- **Task objective**: Return the exact lines spanning from the line with "苗栗县造桥乡南瓜季开锣了，苗" through the last line of the entries, boundaries included, and no others.

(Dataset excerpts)

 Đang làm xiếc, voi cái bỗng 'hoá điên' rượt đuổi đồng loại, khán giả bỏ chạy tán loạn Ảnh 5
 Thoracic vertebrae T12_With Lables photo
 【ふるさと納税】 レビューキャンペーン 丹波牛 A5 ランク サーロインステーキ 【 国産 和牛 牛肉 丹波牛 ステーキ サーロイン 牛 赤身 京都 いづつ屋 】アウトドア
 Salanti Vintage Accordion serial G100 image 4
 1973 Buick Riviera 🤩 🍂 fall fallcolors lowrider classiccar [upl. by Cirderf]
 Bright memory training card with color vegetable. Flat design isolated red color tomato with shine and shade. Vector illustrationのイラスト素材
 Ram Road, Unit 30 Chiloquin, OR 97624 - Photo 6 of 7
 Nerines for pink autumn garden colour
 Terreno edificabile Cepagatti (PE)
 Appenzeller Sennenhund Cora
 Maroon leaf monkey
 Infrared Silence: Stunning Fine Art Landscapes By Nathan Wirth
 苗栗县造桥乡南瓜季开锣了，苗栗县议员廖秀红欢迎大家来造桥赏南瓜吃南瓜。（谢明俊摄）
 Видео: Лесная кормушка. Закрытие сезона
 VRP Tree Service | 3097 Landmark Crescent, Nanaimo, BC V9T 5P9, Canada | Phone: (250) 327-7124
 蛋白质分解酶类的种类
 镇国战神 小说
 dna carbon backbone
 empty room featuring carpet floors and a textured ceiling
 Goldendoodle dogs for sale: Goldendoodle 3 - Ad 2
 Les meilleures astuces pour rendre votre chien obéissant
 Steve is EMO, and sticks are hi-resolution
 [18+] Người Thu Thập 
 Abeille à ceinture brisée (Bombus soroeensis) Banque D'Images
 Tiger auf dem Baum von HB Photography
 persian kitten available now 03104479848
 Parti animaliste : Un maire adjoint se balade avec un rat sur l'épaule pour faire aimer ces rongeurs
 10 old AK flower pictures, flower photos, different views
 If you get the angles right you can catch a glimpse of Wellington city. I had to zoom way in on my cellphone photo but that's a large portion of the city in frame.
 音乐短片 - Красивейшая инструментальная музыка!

- **Solution**:
 苗栗县造桥乡南瓜季开锣了，苗栗县议员廖秀红欢迎大家来造桥赏南瓜吃南瓜。（谢明俊摄）
 Видео: Лесная кормушка. Закрытие сезона
 VRP Tree Service | 3097 Landmark Crescent, Nanaimo, BC V9T 5P9, Canada | Phone: (250) 327-7124
 蛋白质分解酶类的种类
 镇国战神 小说
 dna carbon backbone
 empty room featuring carpet floors and a textured ceiling
 Goldendoodle dogs for sale: Goldendoodle 3 - Ad 2
 Les meilleures astuces pour rendre votre chien obéissant
 Steve is EMO, and sticks are hi-resolution
 [18+] Người Thu Thập 
 Abeille à ceinture brisée (Bombus soroeensis) Banque D'Images
 Tiger auf dem Baum von HB Photography
 persian kitten available now 03104479848
 Parti animaliste : Un maire adjoint se balade avec un rat sur l'épaule pour faire aimer ces rongeurs
 10 old AK flower pictures, flower photos, different views
 If you get the angles right you can catch a glimpse of Wellington city. I had to zoom way in on my cellphone photo but that's a large portion of the city in frame.
 音乐短片 - Красивейшая инструментальная музыка!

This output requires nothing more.